Premature campaigning is now gone from our statute books. This is the effect of the Supreme Court resolution in Rosalinda Penera vs. Commission on Elections, G.R. No. 181613, 25 November 2009 (Justice Carpio, pontente).
Background of the applicable laws
Section 80 of the Omnibus Election Code (“Election Code”) prohibits any person, whether a candidate or not, from engaging in election campaign or partisan political activity except during the campaign period fixed by law. Section 80 of the Election Code reads:
SECTION 80. Election campaign or partisan political activity outside campaign period. — It shall be unlawful for any person, whether or not a voter or candidate, or for any party, or association of persons, to engage in an election campaign or partisan political activity except during the campaign period: x x x
Premature campaigning used to be a criminal offense and a ground for disqualification of guilty candidates.

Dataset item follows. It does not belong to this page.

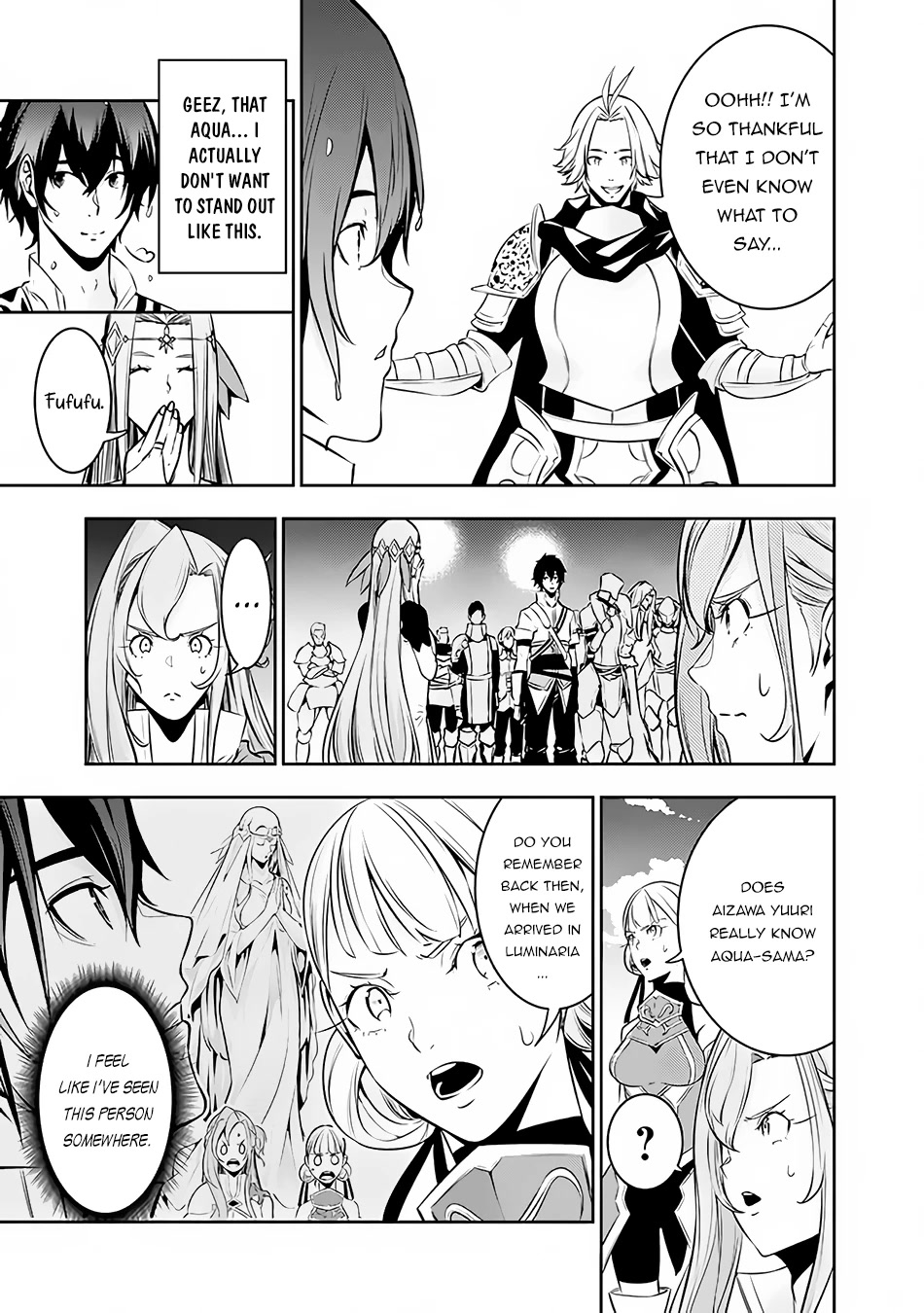 The Strongest Magical Swordsman Ever Reborn as an F-Rank Adventurer. Chapter 79 page 15 - Chapter 79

Section 68 of the Election Code reads:
SECTION. 68. Disqualifications. – Any candidate who, in an action or protest in which he is a party is declared by final decision of a competent court guilty of, or found by the Commission of having x x x (e) violated any of Sections 80, 83, 85, 86 and 261, paragraphs d, e, k, v, and cc, subparagraph 6, shall be disqualified from continuing as a candidate, or if he has been elected, from holding the office; x x x
In 1997, Congress passed Republic Act (R.A.) No. 8436 (An Act Authorizing The Commission On Elections To Use An Automated Election System In The May 11, 1998 National Or Local Elections And In Subsequent National And Local Electoral Exercises, Providing Funds Therefor And For Other Purposes). Section 15 of R.A. 8436, as amended by R.A. 9369, provides:
SECTION.15. Official Ballot. – x x x
x x x
For this purpose, the Commission shall set the deadline for the filing of certificate of candidacy/petition of registration/manifestation to participate in the election. Any person who files his certificate of candidacy within this period shall only be considered as a candidate at the start of the campaign period for which he filed his certificate of candidacy: Provided, That, unlawful acts or omissions applicable to a candidate shall take effect only upon the start of the aforesaid campaign period[.]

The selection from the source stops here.